The distinguishing feature of electric furnaces is the use of an electric arc to generate heat to melt and refine steel. The Heroult-type furnace is the dominant electric furnace. The furnace consists basically of a shell and refractory linings. The shell is cylindrical in shape, having a dome roof and a flat bottom. The bottom is lined with brick refractories, normally fireclay and silica or magnesite bricks, and a granular refractory is sintered into place over the refractory bricks to form the working bottom or hearth of the furnace. The cylindrical wall and the dome roof of the shell are also lined with refractory bricks, normally or silica. The dome roof and its refractory lining have a definite radius of curvature.
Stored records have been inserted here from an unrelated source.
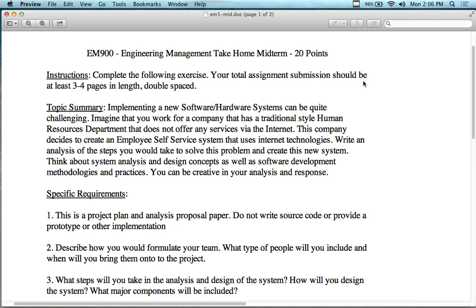Think about the system analysis and design concept, as well as the software development methodologies and practices — I'm going to talk about those today. You can be creative in your analysis and your response. There's no right or wrong answer as long as you spec out and give me a system. As engineering manager, I'm the company and I need an HR system that does employee self-service — do it for me. You're not going to do it yourself. As an engineering manager, this happens to you all the time. You'll say, 'Bob, put together this thing.' You're going to tackle the problem with a solution. You have to gather resources, figure out what you have — are you going to build it in-house or outsource it? Put yourself in the shoes of an engineering manager; this is a live project.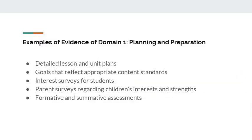Some examples of evidence of Domain 1 include detailed lesson plans and unit plans, goals that reflect appropriate content standards, interest surveys for students, parent surveys regarding children's interests and strengths, and formative and summative assessments.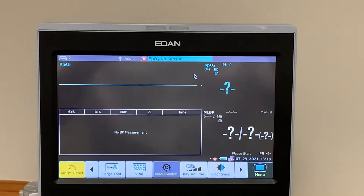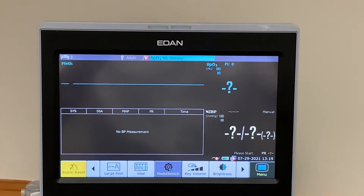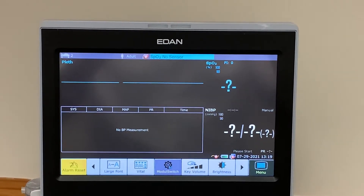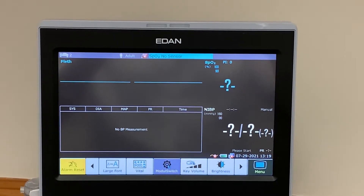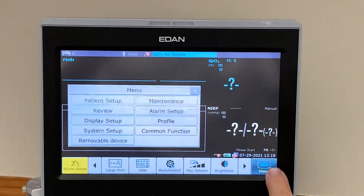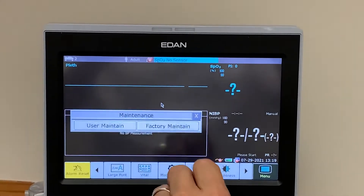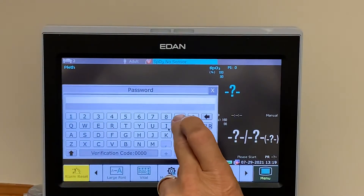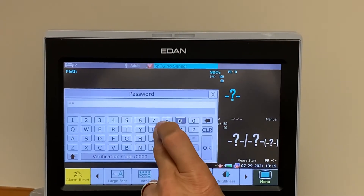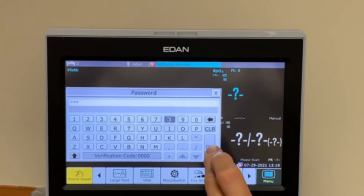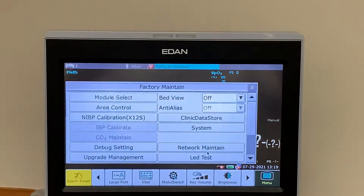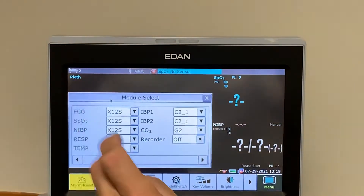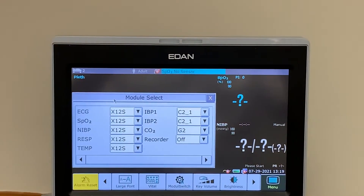The more permanent way to remove parameters disables the ability of clinicians to re-establish them without a password. To do this, go into Menu, then Maintenance, Maintenance again, then Factory Maintain with a password of 998 and press OK. Then go to Module Switch, where you can now see all those parameters.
The furnace is mounted on toothed rockers which rest on and intermesh with toothed rails, and a motor rack-and-pinion mechanism can tilt the furnace in two directions, one for pouring and the other for slagging. A slagging door and a pouring spout are provided on opposite sides of the furnace. In the crown, or center, section of the dome roof, apertures for receiving electrodes, normally three, are provided and have water-cooled rings affixed thereover. The electrodes themselves are gripped by spring clamps affixed to the free ends of supporting arms, which arms are affixed to masts which raise or lower the arms and hence the electrodes.
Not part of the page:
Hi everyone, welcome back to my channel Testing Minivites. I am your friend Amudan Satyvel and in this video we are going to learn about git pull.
Heroult electric furnaces are either door charging, a door for charging being provided in the side of the furnace, or top-charging, the dome roof being lifted and either swung to one side by motor-driven or hydraulic equipment or moved away by a gantry crane which travels on rails. We are here concerned with top-charging electric furnaces.
After the furnace has been charged, the dome roof is swung back over the furnace. The electrodes are lowered by the masts, through the apertures in the dome roof, to project into the interior of the furnace. The furnace is actuated, and current arcs directly from one electrode, into the metal or bath, therefrom to a second electrode, back into the bath, and then to a third electrode, in what is known as a direct-series arc. After the particular steelmaking process has been completed, the electrodes are raised, the power turned off, and the steel tapped into ladles. Thereafter, before the next heat, the dome roof is swung outwardly from the furnace, and the refractory lining of the roof is checked. Repair patching of the lining is done immediately to allow the refractory patching material to be sintered into place by the heat of the furnace.
The roof of an electric furnace is subjected to very high temperatures and great abrasion. Particularly severe localized high temperatures and corrosion or erosion occur in the crown section, through which the electrodes penetrate the furnace. High alumina refractory bricks have been developed for use in the crown section such that the life of the crown section more nearly approximates that of the rest of the roof lining. Nevertheless, the roof lining of the electric arc furnaces must still be attended to between heats to ensure a reasonable lifetime for the lining. A fast and efficient way of doing this has not been developed, the structures which have been developed so far for spraying refractory coating being adapted for use with concentric types of vessels, having an open end, known as basic oxygen furnaces.